Fast Radio Bursts and Radio Transients from Black Hole Batteries

TL;DR

This paper proposes that black hole-neutron star mergers produce radio transients resembling fast radio bursts, with distinctive double-peak signals, offering a new electromagnetic counterpart for gravitational wave detections and insights into neutron star magnetic fields.

Contribution

It introduces a novel model where black hole-neutron star interactions generate radio bursts with unique double-peak features, expanding the potential sources and observational signatures of FRBs.

Findings

Proposes a double-peak radio transient signature from BH-NS mergers.

Suggests these transients can serve as electromagnetic counterparts to GW signals.

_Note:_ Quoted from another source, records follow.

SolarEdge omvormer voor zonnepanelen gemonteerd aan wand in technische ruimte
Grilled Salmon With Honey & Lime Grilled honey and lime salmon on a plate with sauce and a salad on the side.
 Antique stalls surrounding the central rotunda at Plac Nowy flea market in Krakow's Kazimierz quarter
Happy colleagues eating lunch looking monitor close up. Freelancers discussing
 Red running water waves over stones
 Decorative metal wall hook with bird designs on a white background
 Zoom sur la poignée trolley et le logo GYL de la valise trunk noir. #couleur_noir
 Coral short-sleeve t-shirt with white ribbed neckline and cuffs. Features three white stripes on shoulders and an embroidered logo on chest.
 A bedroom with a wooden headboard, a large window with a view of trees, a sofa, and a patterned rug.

Highlights the potential to study NS magnetic fields through these events.

Abstract

Most black holes (BHs) will absorb a neutron star (NS) companion fully intact, without tidal disruption, suggesting the pair will remain dark to telescopes. Even without tidal disruption, electromagnetic luminosity is generated from the battery phase of the binary when the BH interacts with the NS magnetic field. Originally the luminosity was expected in high-energy X-rays or gamma-rays, however we conjecture that some of the battery power is emitted in the radio bandwidth. While the luminosity and timescale are suggestive of fast radio bursts (FRBs; millisecond-scale radio transients) NS--BH coalescence rates are too low to make these a primary FRB source. Instead, we propose the transients form a FRB sub-population, distinguishable by a double peak with a precursor. The rapid ramp-up in luminosity manifests as a precursor to the burst which is $20\%-80\%$ as luminous, given 0.5~ms timing resolution. The main burst is from the peak luminosity before merger. The post-merger burst follows from the NS magnetic field migration to the BH, causing a shock. NS--BH pairs are especially desirable for ground-based gravitational wave (GW) observatories since the pair might not otherwise be detected, with electromagnetic counterparts greatly augmenting the scientific leverage beyond the GW signal. Valuably, the electromagnetic signal can break degeneracies in the parameters encoded in the GW as well as probe the NS magnetic field strength, yielding insights into open problems in NS magnetic field decay.